Gardaí hunt for violent prisoner freed at gunpoint from hospital
An armed man pointed a shotgun at the head of a prison officer and ordered him to remove handcuffs from the prisoner.
The gunman is thought to have threatened to “blow the head off” the officer if he did not release the man quickly enough.
The prisoner, named as Derek Glennon, is serving five years for manslaughter.
Glennon, with an address on Stanaway Road,
Crumlin, south Dublin, killed a cyclist while driving a stolen car.
Earlier yesterday, it was thought Derek Glennon was related to two notorious, and deceased, brothers from Blanchardstown, west Dublin.
Mark Glennon, aged 32, was shot dead outside his home in Hartstown last month. His brother, Andrew, 30, was shot dead in Co Meath last April.
The brothers ran a major crime gang in the area and were involved in a gangland feud with a rival criminal outfit in north west Dublin.
Gardaí sources in Blanchardstown last night said they did not believe Derek Glennon was related to the brothers.
Derek Glennon, who often used the alias Gleeson, has a reputation for extreme violence.

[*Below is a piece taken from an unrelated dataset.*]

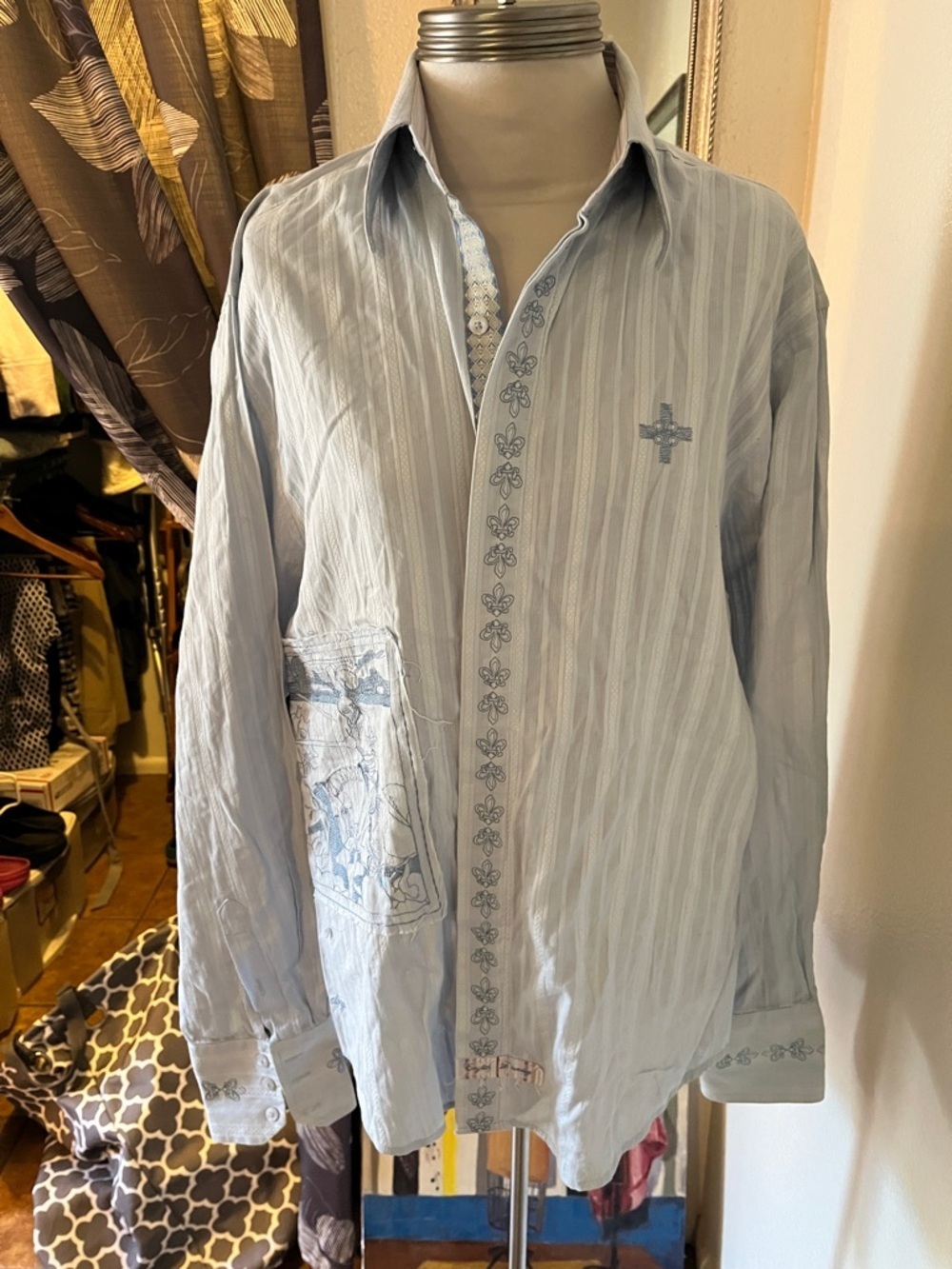 Men’s English Laundry Casual Dress Shirt. Faint blue with Graphics S L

Since his imprisonment in Wheatfield Prison he has clocked up 49 reports for causing trouble.
In one incident he is said to have “carved up” a man, stabbing the victim a number of times.
Glennon went for treatment in the out patients section of St James’s Hospital at around 10am yesterday.
“A fella came in with a shotgun and went up to the officer, pointed the gun at him and told him to take off the cuffs,” said one prison source.
He said the gunman was accompanied by three other men.
The officer is understood to have become nervous with a gun pointed at him.
The gunman is then reported to have said: “You get them off quickly or I’ll blow the head off you.”
The escape team and Glennon fled out of the building.
They are believed to have stolen a car, driving it to a nearby flats complex, where it was abandoned.
Gardaí from different parts of the city were assisting in garda efforts yesterday to trace the men.
There was no one available from the Prison Service yesterday.
Earlier this year a prisoner used CS gas to escape custody while attending Tallaght Hospital.